Namun kenyataan yang sedang dihadapi adalah UNCHR tidak dapat memberikan status refugee kepada semua WNA yang masuk ke Indonesia tanpa adanya dokumen-dokumen keimigrasian tersebut. Sebenarnya, pemerintah Indonesia memiliki kewenangan untuk mendeportasi para imigran tersebut jika UNCHR menolak untuk memberikan status refugee kepada imigran. Namun hambatan yang dialami adalah untuk mendeportasi para imigran-imigran tersebut negara Indonesia belum mampu untuk mengalokasikan dana anggaran ke dalam hal tersebut. Faktor lain yang menjadi penghambat adalah Indonesia tidak mendapatkan dana bantuan dari IOM dikarenakan para imigran gelap tersebut tidak mau kembali ke negara asalnya secara suka rela.7 Hambatan-hambatan ini mendorong para pencari suaka atau imigran untuk memasuki suatu wilayah negara dengan proses yang ilegal.

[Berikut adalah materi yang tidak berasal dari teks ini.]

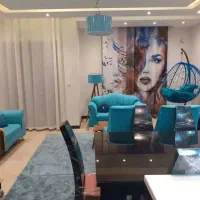 آپارتمان و سوئیت های اجاره ای روزانه سعادت آباد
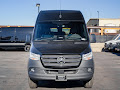 2025 Mercedes-Benz Sprinter Passenger Van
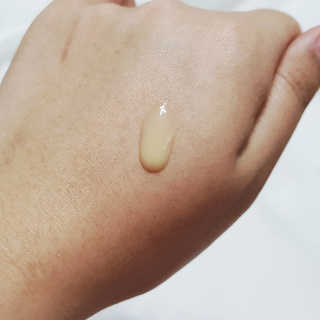 보타니티 [홍]조[진]정[결]케어 플라본 세럼 — 4.67점을 준 리뷰어가 2018년 5월 올린 사용 사진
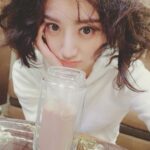 Jing Tian Instagram -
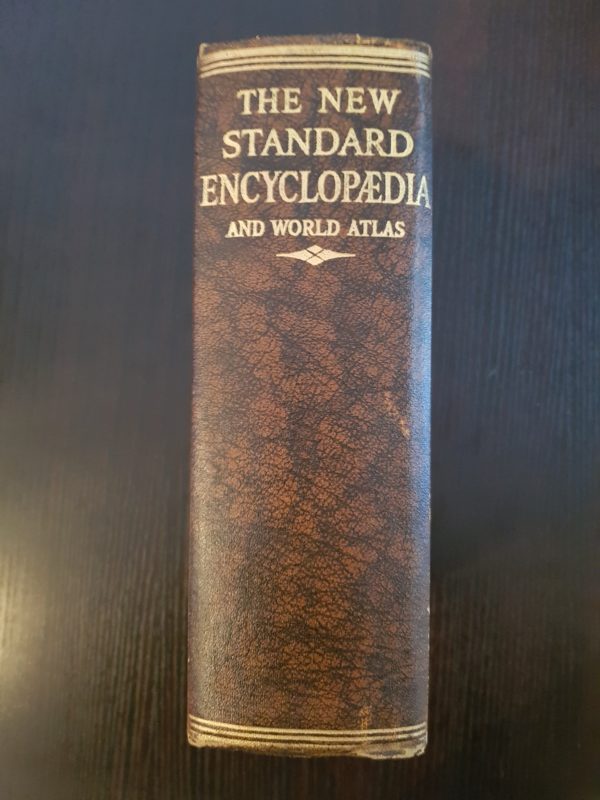 The_New_Standard_Encyclopædia_and_World_Atlas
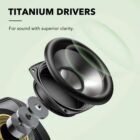 image de Haut Parleur Sans Fil SOUNDCORE A31180 Motion Boom - Noir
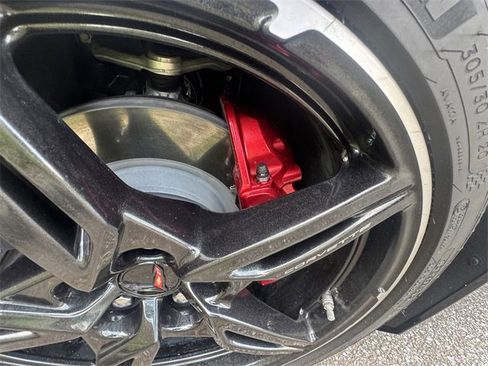 Used 2022 Chevrolet Corvette Stingray image 17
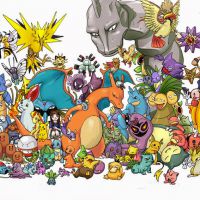 Pokémon no Brasil? Louro José, Cuca, Zé Carioca e outros personagens como os monstrinhos da Nintendo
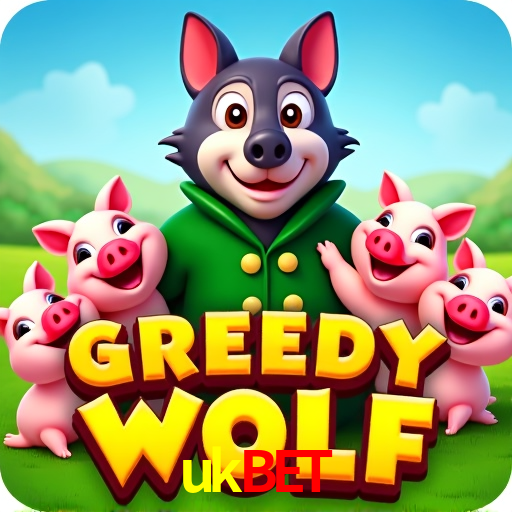 Descubra o Mundo do Cassino Online com ukbet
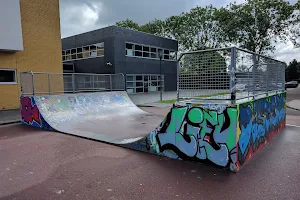 Schijndel Skate park image
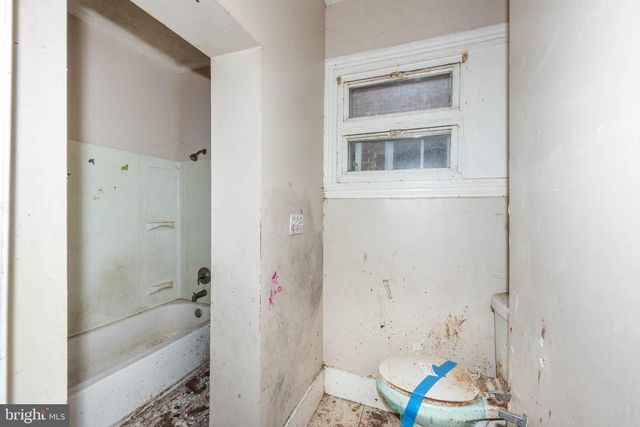 214 N FULTON AVE, Baltimore, MD 21223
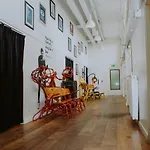 Hostel King Kong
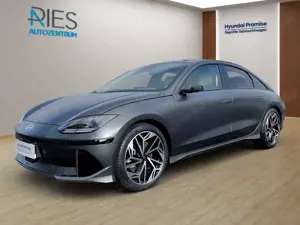 Hyundai IONIQ 6 Elektro KlimaA*LED*Navi*SHZ*el.Heck*ACC Bild 2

Situasi imigrasi ilegal telah berimplikasi pada perkembangan transnational crime yang kemudian berkembang menjadi kejahatan yang teroganisir seperti penyeludupan manusia (people smuggling).
Tindak kejahatan ini telah diatur semenjak tahun 1950-an yang dikenal dengan peraturan Hoakiao atau “Peraturan Pemerintah No. 10 Tahun 1959” yang disaat itu mengatur masuknya para imigran gelap dari Cina. Dalam “Undang-Undang Darurat No. 8 Tahun 1955” ini tidak ada menyinggung terhadap persoalan penyelundupan manusia, dalam undang-undang ini hanya bertujuan untuk mencegah
penyelundupan imigran yang masuk ke Indonesia agar tidak terjadinya suatu peluang tindak pidana. Undang-undang darurat ini secara umum ditunjukan kepada para pelaku yang menyalahgunakan dokumen perjalanan ataupun surat-surat kewarganegaraan dengan cara yang ilegal salah satunya yaitu dengan memalsukannya untuk menuju negara yang telah menjadi tujuan para pelaku.8 Kemudian, dibentuklah undang-undang keimigrasian pada tahun 1992 yakni “Undang-Undang No. 9 Tahun 1992”. Tindak pidana keimigrasian yang diatur dalam “BAB VIII Undang-Undang No. 9 Tahun 1992” yang berisikan hal-hal sebagai berikut:9
-
1. “Orang asing yang dengan sengaja menggunakan Visa atau izin keimigrasian yang dengan sengaja dipalsukan dengan tujuan untuk memasuki wilayah Indonesia”.
-
2. “Orang asing yang dengan sengaja menyalahgunakan pemberian izin keimigrasian yang telah diberikan.”
-
3. “Setiap orang yang dengan sengaja: a) Tetap menggunakan Surat Perjalanan Republik Indonesia walaupun sudah mengetahui bahwa Surat Perjalanan tersebut palsu atau dipalsukan. b) Menggunakan dan menyerahkan Surat Perjalanan orang lain yang sudah dicabut atau dinyatakan batal dengan maksud digunakan secara tidak berhak. c) Menggunakan cara yang illegal untuk mendapatkan Surat Perjalanan Republik Indonesia. d) Memiliki dua atau lebih Surat Perjalanan Republik Indonesia yang semuanya berlaku dan menggunakannya secara melawan hukum.”
-
4. “Setiap orang yang dengan sengaja dan melawan hukum dengan membuat atau menyimpan cap yang dipergunakan untuk mengesahkan Surat Perjalanan Republik Indonesia.”
-
5. “Setiap orang yang dengan sengaja dan melawan hukum dengan merusak sebagian atau seluruhnya keterangan atau cap yang terdapat dalam Surat Perjalanan Republik Indonesia untuk kepentingan diri sendiri atau orang lain.”
-
6. “Setiap orang yang dengan sengaja dan melawan hukum dengan memiliki, mengubah atau menggunakan data keimigrasian baik secara manual maupun secara elektronik.”
-
7. “Pejabat yang dengan sengaja dan melawan hukum dengan memberikan atau memperpanjang Surat Perjalanan Republik Indonesia kepada seseorang yang diketahuinya tidak berhak.”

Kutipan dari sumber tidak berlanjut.